# MATERIAL FOR THIS TASK
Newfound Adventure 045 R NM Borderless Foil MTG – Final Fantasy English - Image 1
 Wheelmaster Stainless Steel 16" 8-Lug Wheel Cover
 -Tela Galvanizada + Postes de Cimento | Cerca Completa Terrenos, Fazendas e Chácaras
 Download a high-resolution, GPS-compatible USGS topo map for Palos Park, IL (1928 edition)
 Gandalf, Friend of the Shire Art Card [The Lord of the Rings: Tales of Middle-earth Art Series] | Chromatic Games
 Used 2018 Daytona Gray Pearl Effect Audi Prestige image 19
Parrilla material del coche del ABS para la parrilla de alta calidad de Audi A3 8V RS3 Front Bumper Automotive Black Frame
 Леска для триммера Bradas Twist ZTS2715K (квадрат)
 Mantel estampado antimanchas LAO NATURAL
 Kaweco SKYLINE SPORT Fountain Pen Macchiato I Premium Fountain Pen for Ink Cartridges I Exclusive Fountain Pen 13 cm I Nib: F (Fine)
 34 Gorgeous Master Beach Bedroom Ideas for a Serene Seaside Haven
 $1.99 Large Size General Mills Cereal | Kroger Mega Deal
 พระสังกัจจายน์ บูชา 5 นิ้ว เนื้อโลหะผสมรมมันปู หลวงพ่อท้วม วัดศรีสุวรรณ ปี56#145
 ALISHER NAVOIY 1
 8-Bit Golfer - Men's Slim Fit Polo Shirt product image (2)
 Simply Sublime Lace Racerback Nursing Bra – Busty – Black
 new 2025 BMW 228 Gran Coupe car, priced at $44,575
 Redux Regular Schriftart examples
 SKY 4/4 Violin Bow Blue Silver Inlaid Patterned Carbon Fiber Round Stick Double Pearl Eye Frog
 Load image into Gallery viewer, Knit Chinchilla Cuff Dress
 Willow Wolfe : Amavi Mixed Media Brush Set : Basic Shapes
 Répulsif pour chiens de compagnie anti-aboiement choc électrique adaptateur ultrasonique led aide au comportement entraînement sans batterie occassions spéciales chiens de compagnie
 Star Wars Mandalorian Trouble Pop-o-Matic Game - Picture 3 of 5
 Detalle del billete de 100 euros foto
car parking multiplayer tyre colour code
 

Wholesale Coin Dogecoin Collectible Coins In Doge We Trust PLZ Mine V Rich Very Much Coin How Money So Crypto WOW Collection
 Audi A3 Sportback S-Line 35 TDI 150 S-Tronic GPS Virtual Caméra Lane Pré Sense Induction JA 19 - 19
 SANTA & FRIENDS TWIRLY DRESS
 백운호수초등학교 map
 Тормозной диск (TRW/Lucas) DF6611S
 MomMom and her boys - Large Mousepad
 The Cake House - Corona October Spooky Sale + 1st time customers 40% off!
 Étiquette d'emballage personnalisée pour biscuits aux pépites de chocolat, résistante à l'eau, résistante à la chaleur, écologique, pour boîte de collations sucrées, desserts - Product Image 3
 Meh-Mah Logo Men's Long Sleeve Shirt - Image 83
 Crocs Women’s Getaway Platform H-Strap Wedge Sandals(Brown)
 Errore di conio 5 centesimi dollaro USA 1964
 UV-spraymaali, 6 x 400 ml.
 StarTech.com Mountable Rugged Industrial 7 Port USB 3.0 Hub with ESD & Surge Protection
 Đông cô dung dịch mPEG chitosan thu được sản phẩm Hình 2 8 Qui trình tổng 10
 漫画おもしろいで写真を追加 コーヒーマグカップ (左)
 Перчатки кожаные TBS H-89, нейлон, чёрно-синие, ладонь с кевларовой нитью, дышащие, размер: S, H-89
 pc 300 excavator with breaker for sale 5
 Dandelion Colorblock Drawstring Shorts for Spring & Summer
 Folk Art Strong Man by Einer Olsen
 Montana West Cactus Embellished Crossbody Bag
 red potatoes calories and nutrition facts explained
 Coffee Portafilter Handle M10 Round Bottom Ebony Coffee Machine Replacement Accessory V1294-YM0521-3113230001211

# EXERCISE REQUIREMENTS
Each line above with the string "Round" in it should be located and copied.

# EXPECTED ANSWER
 SKY 4/4 Violin Bow Blue Silver Inlaid Patterned Carbon Fiber Round Stick Double Pearl Eye Frog
 Coffee Portafilter Handle M10 Round Bottom Ebony Coffee Machine Replacement Accessory V1294-YM0521-3113230001211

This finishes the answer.